His location will change from 1 hour and 3 minutes from my house to 1 hour and 30 plus. 90% of his business comes from Massachussetts vs Albany and the New York area.

I would love to be a part of a local freshwater planted aquarium society.

Let me know.

Thanks,

Jimbo205


----------



## vancat (Nov 5, 2004)

Well---if NEAPS is alive it's news to Bailin and me. It was our club (along with Dennis). Maybe he is with a different club- but NEAPS is not active any more. Well, unless someone stole our name that is. Or if Dennis started up again without telling us, which I doubt. hmmmmm. curious.
penny
founding member of NEAPS


----------



## treesmcdonald (Mar 14, 2006)

Just wanted to post more info about One Stop County Pet's plant seminar. The speaker is David Lass and its at 7pm. Here is a link if you all want more info http://www.onestopcountrypet.com/EventsJanuary.html Not sure if I will be there since Fridays I usually spend with my daughter and at three she has a pretty short attention span for anything fishy.



> I understand that a friend of mine Michael Andrew's from www.SwampBottom.com is now with NEAPS and is moving to Lanesboro, MA.

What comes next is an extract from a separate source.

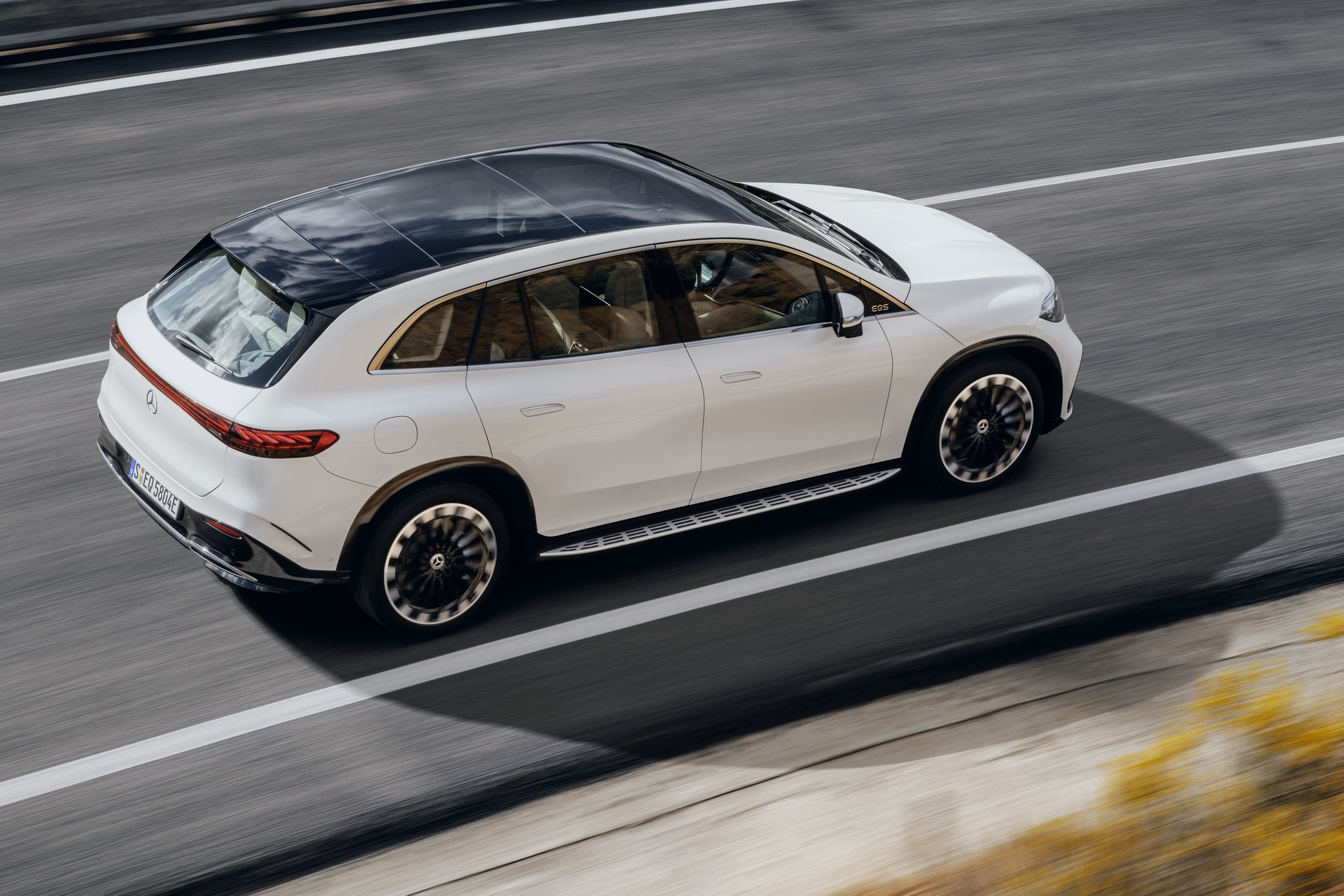 Mercedes-Benz EQS SUV stiže kao konkurent BMW-u iX - Auto magazin Svet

I also wonder how Jimbo's pal joined a dead club :crazy: but maybe he just planned on joining and hasn't found out that its no more yet.


----------



## vancat (Nov 5, 2004)

hey Errin
here is my 72 bowfront with altums
and non CO2 20gL

crappy photos.
penny


----------



## treesmcdonald (Mar 14, 2006)

Penny your tank is beautiful! Thank you for sharing the pics with me. The girls at work loved it too. Now one of them wants a planted tank instead of blue gravel and plastic plants. I told her to wait until she gets a bigger tank. Her husband is going to hate me. 

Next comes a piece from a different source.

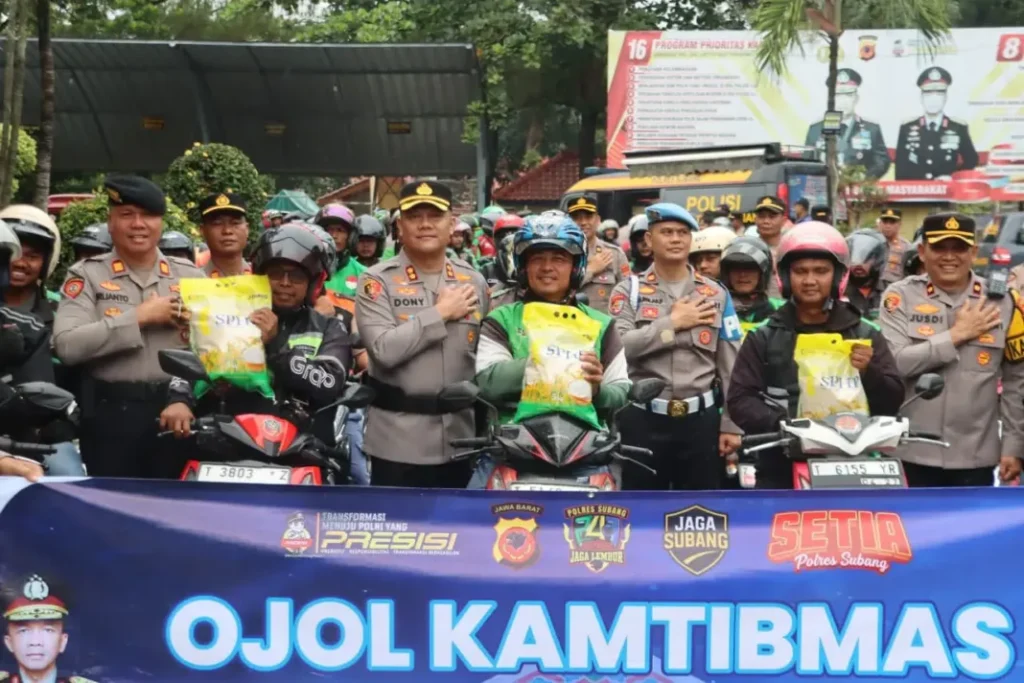 Ribuan Ojol Ikuti Apel Kamtibmas Polres Subang di Tengah Hujan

And I think I posted that One Stop was doing there plant seminar on Friday the 29th but anyone with a calendar would know I am wrong. The 29th is a Thursday. Sorry.


----------



## vancat (Nov 5, 2004)

Thanks Errin! The photos suck so that means even more! haha

A guy here (Zapins) is trying to host a get-together for people in this area (will be at Trinity College in Hartford). I told him to plan something for Feb or march to give people plenty of time. 

Anybody else reading this who is interested, either reply to this post or shoot Zapins an email.
penny


----------